Begin at the line containing "Philadelphia Flyers —" in the records below, end at the line containing "Hello, everyone. Today, we're", and retype each line in that span exactly. No other line and no image should appear.
EXTRACTED INFORMATION START
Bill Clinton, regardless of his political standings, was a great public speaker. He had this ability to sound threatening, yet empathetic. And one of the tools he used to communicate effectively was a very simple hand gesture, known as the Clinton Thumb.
EXTRACTED INFORMATION END
EXTRACTED INFORMATION START
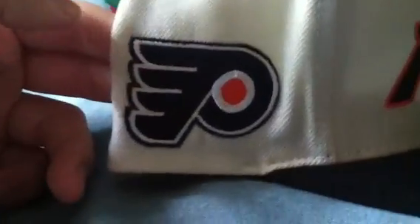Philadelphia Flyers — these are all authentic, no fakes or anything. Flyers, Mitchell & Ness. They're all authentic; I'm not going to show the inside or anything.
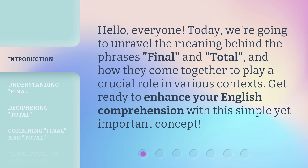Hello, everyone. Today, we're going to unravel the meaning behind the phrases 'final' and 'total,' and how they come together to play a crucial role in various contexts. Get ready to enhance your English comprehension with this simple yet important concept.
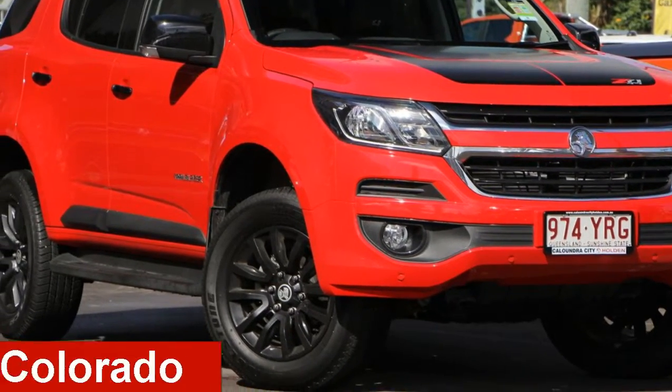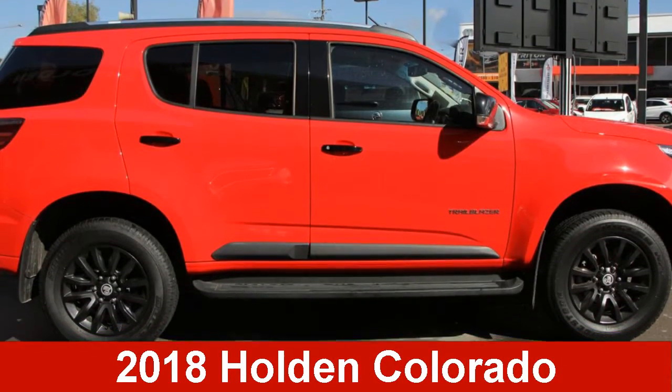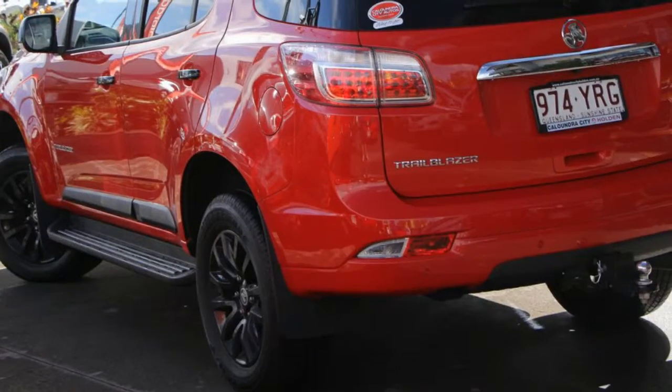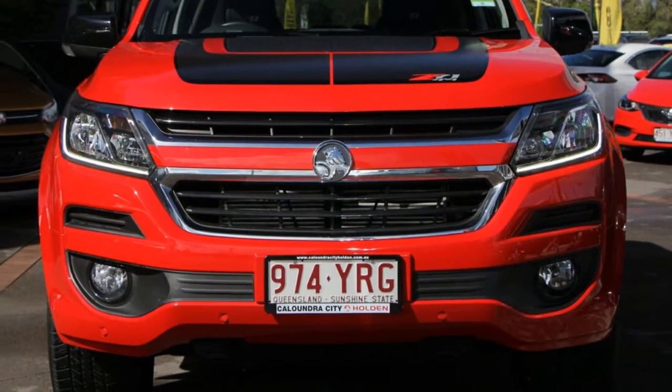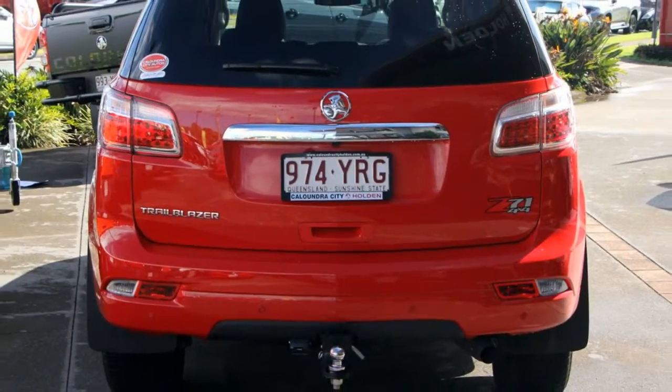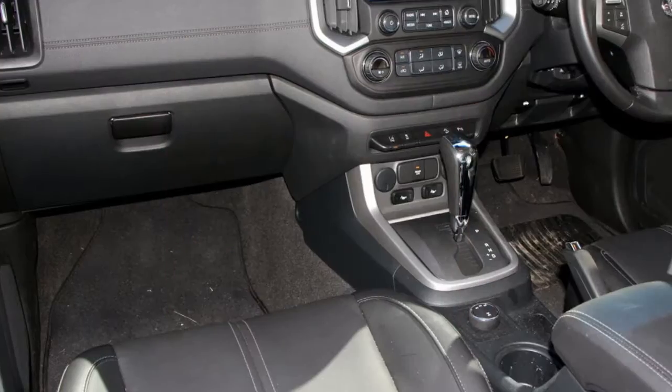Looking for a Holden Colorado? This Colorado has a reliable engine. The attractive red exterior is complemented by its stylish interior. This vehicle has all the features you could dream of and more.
EXTRACTED INFORMATION END
EXTRACTED INFORMATION START
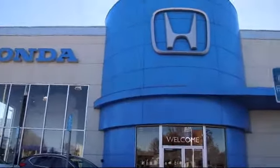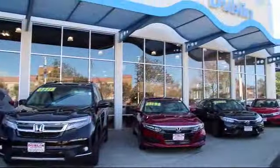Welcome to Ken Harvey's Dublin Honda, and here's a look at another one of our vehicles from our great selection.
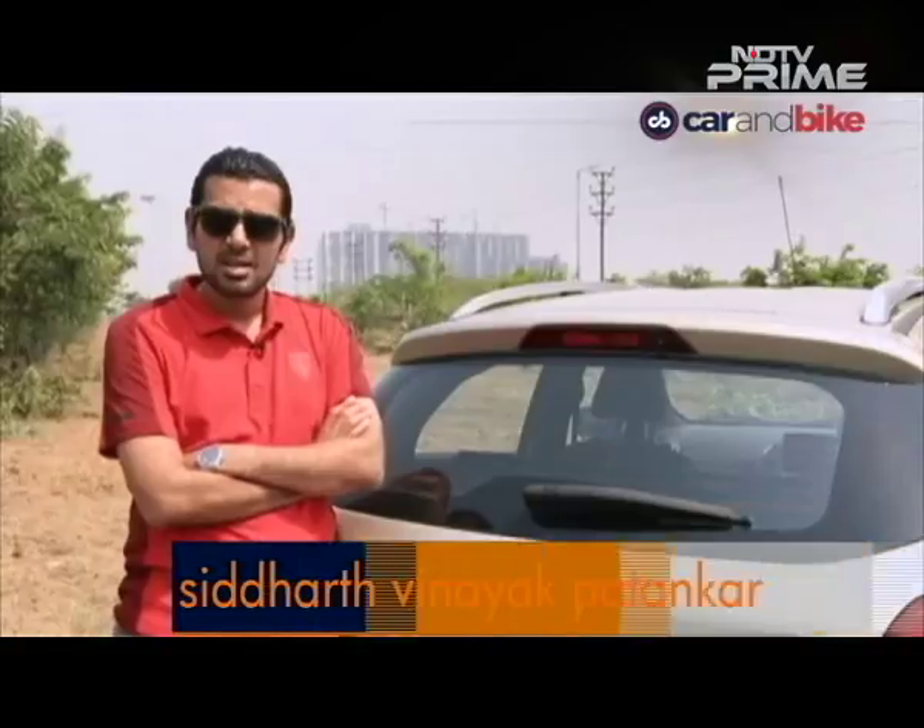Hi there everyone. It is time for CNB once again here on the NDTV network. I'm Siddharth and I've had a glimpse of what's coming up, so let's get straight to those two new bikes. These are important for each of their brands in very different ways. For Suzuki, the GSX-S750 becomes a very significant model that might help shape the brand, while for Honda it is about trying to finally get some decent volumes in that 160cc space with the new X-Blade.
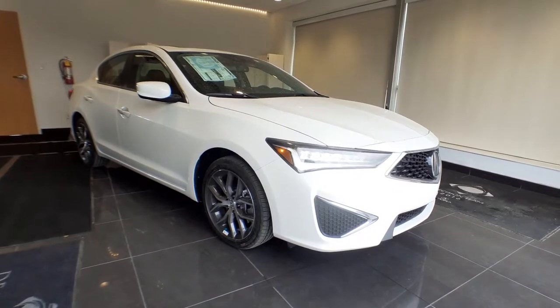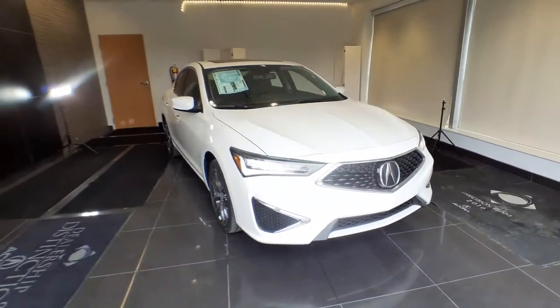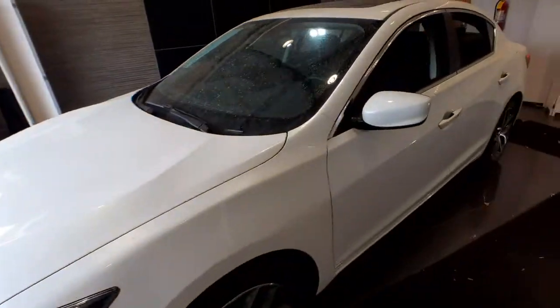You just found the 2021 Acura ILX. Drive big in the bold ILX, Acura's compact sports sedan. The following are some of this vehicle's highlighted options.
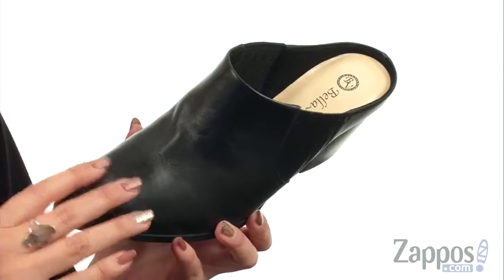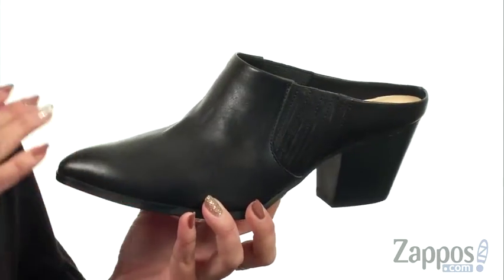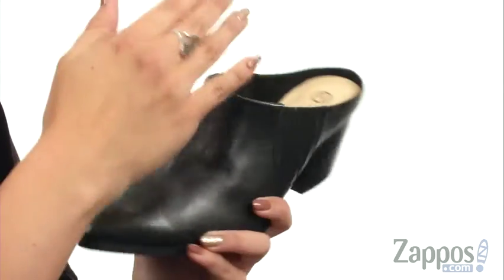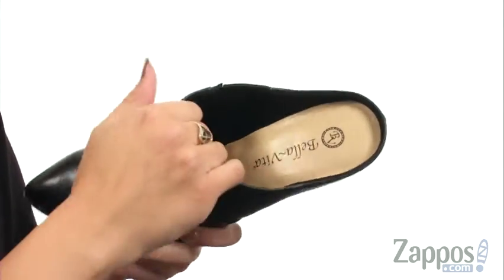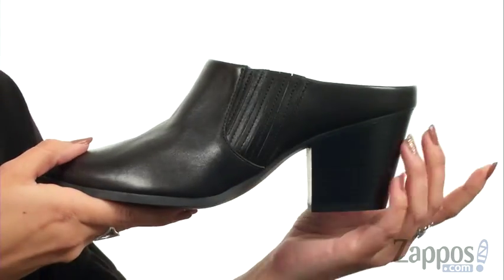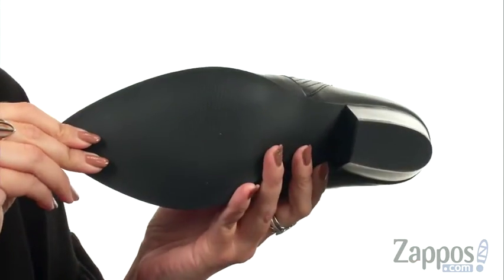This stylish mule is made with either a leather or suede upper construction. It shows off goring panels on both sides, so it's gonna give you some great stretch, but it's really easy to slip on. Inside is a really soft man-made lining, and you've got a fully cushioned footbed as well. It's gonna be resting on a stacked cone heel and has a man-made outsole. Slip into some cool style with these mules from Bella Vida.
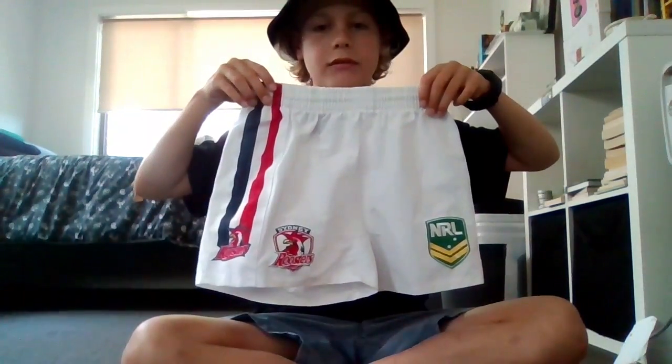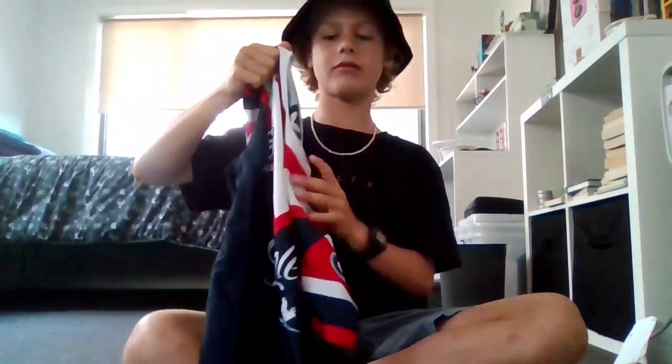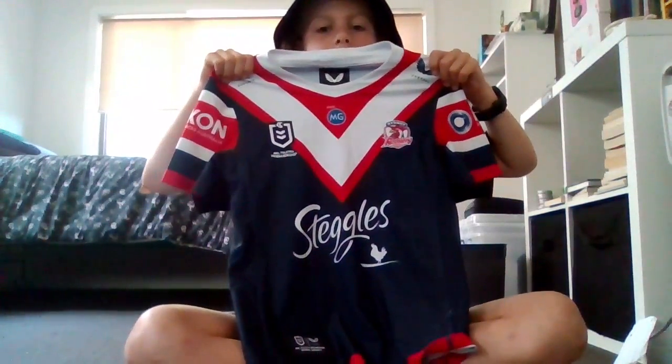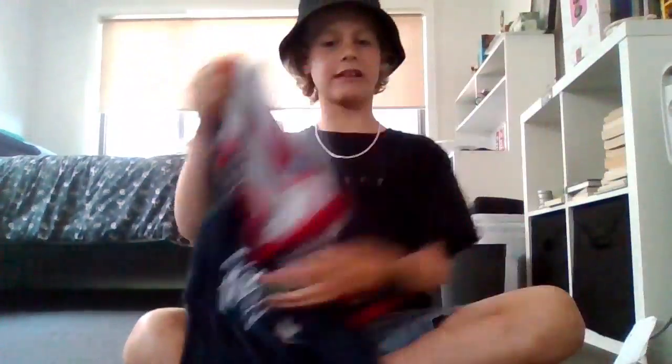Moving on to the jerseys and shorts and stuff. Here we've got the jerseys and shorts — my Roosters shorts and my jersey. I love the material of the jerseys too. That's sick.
EXTRACTED INFORMATION END
**SOLUTION TO THIS PROBLEM:**
Philadelphia Flyers — these are all authentic, no fakes or anything. Flyers, Mitchell & Ness. They're all authentic; I'm not going to show the inside or anything.
Hello, everyone. Today, we're going to unravel the meaning behind the phrases 'final' and 'total,' and how they come together to play a crucial role in various contexts. Get ready to enhance your English comprehension with this simple yet important concept.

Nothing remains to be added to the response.